Captioned web images
────────────────────────────────────────

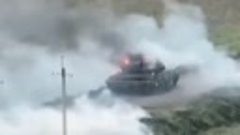 В сети публикуют кадры подбитого танка ВСУ под Волчанском 

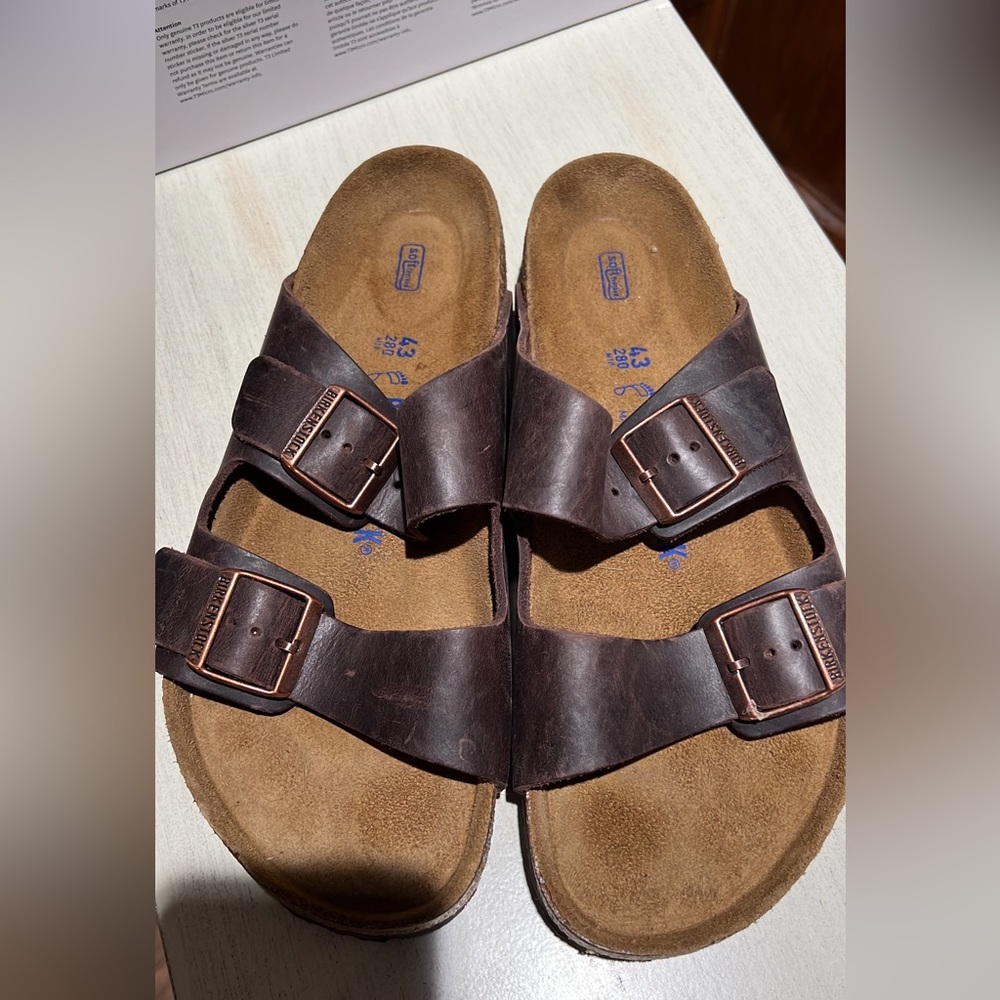 Mens size 10 Birkenstocks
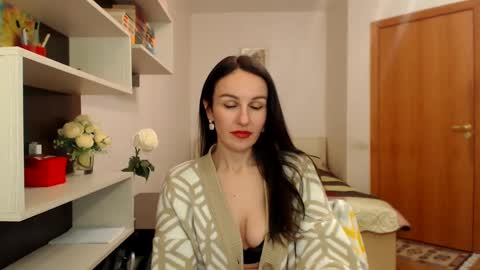 KattySapphire online show from 7, 3, 2025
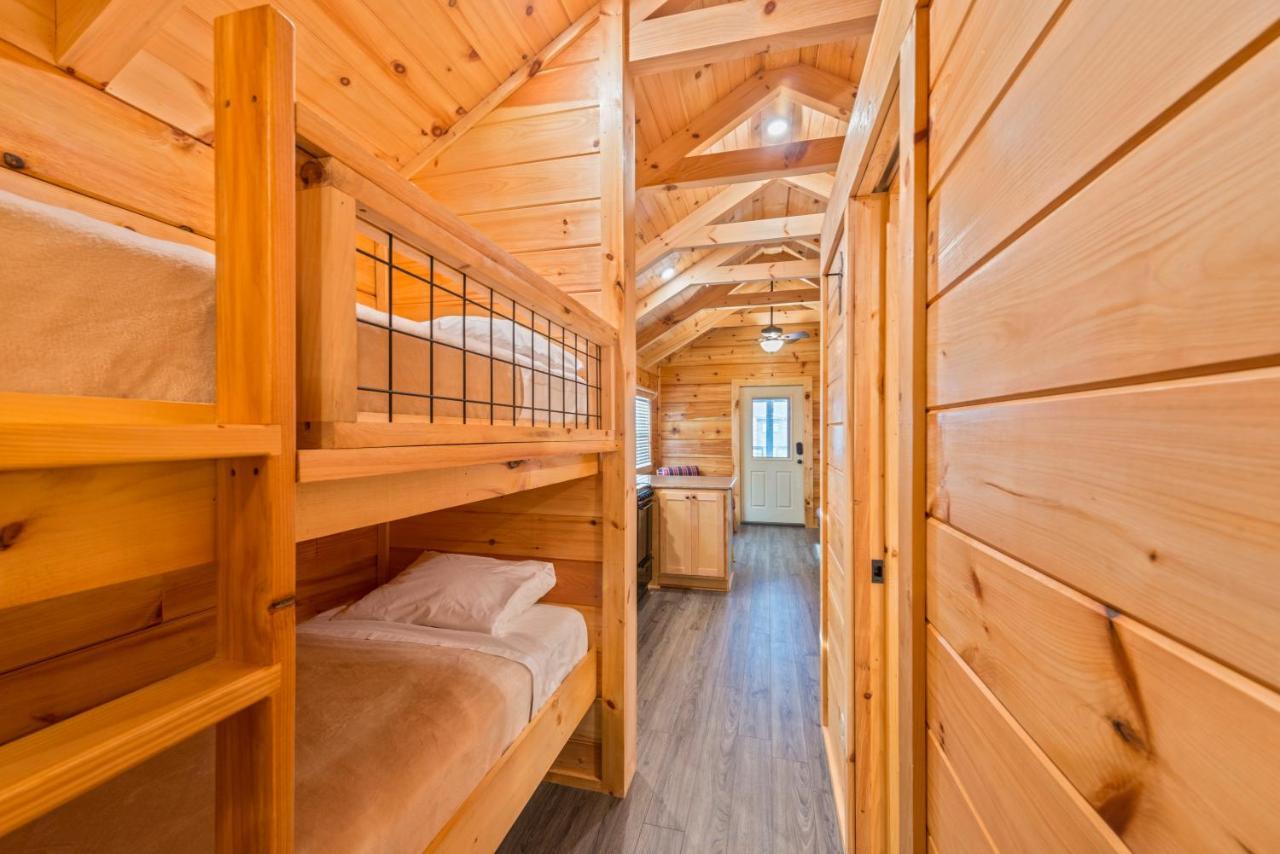 Great Escapes Rv Resort Bryan College Station エクステリア 写真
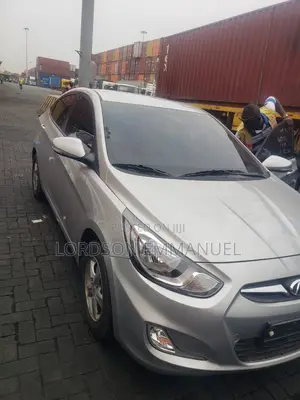 Hyundai Accent SE Sedan 2016 Silver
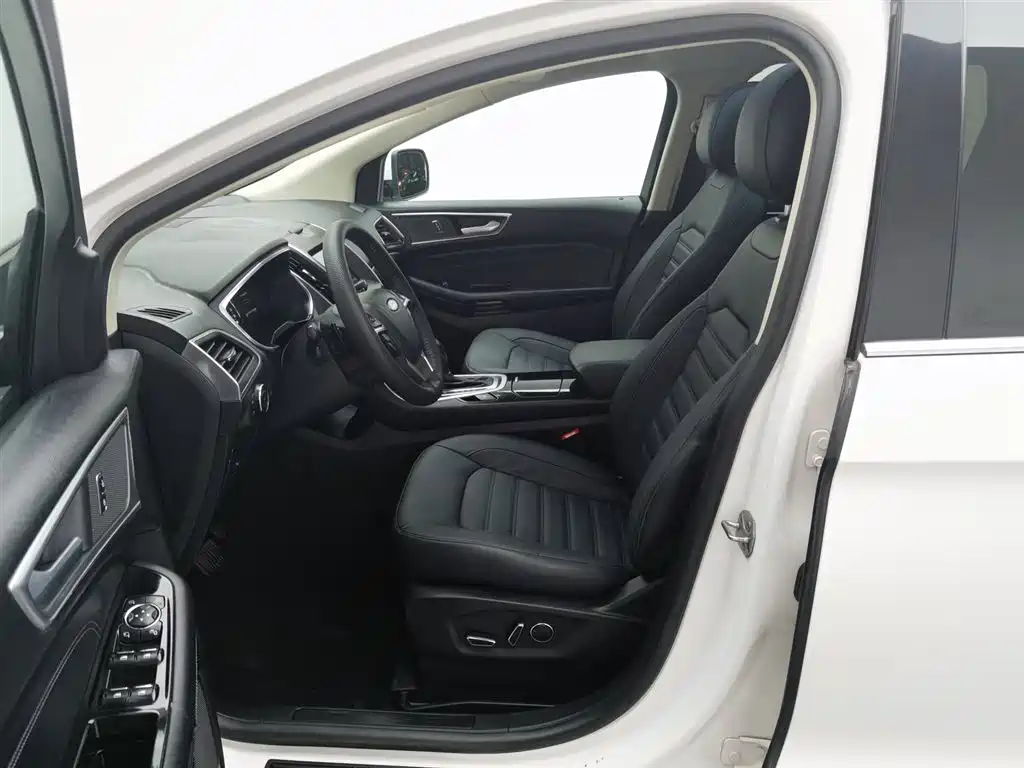 Ford Edge 2015 — фото 10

────────────────────────────────────────

Please restate each entry exactly, but drop any picture it holds.

 В сети публикуют кадры подбитого танка ВСУ под Волчанском 

 Mens size 10 Birkenstocks
 KattySapphire online show from 7, 3, 2025
 Great Escapes Rv Resort Bryan College Station エクステリア 写真
 Hyundai Accent SE Sedan 2016 Silver
 Ford Edge 2015 — фото 10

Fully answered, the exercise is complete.